O Congresso Nacional pode votar nas próximas semanas a proposta da nova Lei de Licitações por causa do espaço aberto na pauta, com a retirada da reforma da Previdência. A votação, no entanto, pode ser alvo de protestos por parte de entidades que representam arquitetos e urbanistas.

Um dos pontos mais polêmicos é a contratação integrada de projetos completos para obras públicas mais caras, acima de R$ 20 milhões, em vez da divisão dos contratos para projetos básicos e executivos. A avaliação é de Luciano Guimarães, presidente do Conselho de Arquitetura e Urbanismo do Brasil – CAU/BR, que defende uma ofensiva contra a inclusão do novo marco da Lei de Licitações na agenda legislativa prioritária.

A CAU/BR é uma das entidades que assina o documento

“Em Defesa da Ética, do Planejamento e da Qualidade nas Obras Públicas”, elaborado em outubro de 2017.

Esse documento defende uma lei específica para licitações de projetos e obras públicas que trate os projetos de edificações, desenvolvimento urbano e paisagismo como serviços técnicos de natureza intelectual e de criação, diferentemente da licitação de bens materiais.

Para o senador Fernando Bezerra (MDB/PE), relator do substitutivo aprovado na comissão de modernização da lei no Senado, a principal inovação do texto é o estabelecimento de uma nova cultura de Projetos Completos de Engenharia para o início de uma obra. A ideia é implementar, no Brasil, a experiência de países como o Japão, “onde se gasta mais tempo com a elaboração de um projeto consistente e, consequência disso, menos tempo com a execução da referida obra”, observa.

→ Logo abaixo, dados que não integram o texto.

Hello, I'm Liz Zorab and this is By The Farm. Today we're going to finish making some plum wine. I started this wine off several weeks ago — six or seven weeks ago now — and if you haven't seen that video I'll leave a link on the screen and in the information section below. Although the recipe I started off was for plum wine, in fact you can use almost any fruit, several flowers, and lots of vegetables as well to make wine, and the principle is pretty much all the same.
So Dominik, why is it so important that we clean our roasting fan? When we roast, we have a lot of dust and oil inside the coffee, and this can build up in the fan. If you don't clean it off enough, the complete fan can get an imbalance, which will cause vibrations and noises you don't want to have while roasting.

Conforme o advogado Murilo Jacoby Fernandes, a Lei nº 8.666/1993 mudou muito ao longo do tempo e tornou difícil a sua aplicação, motivo pelo qual é muito fácil ter divergência de interpretação.

“Deputados e senadores precisam analisar com urgência a proposta, afinal, boa parte da corrupção surge a partir de obras superfaturadas ou da propina paga para vencer a licitação”, afirma.

Mudanças significativas

De acordo com o advogado, o substitutivo apresentado pelo senador Fernando Bezerra, embora ainda não seja o texto ideal, faz mudanças significativas que podem ajudar a desenvolver o País, reaquecer a economia, dar segurança ao gestor público e garantir certames mais transparentes.

“Destaco a incorporação do seguro para a execução de grandes obras, que vai garantir a conclusão dos projetos. Além disso, está presente a inversão de fases, bem como a redução de modalidades de licitação. Mas a cereja do bolo é a criação do Sistema de Registro de Preços Permanente – SRPP, mecanismo que acaba com a insanidade de se licitar os mesmos itens. Se eu compro tonners para impressoras todo ano, por exemplo, em vez de refazer toda a licitação, eu mantenho o edital e apenas reabro a fase de lances”, esclarece Murilo Jacoby.

Outro ponto, segundo o professor, é a previsão de que as ordens dos tribunais de contas para a suspensão de licitações definam objetivamente as causas e, nos casos de contratação por emergência, esclareçam como se garantirá o atendimento do interesse público.

“Isso deve evitar as constantes paralisações, que acabam prejudicando principalmente o cidadão”, conclui Murilo Jacoby Fernandes.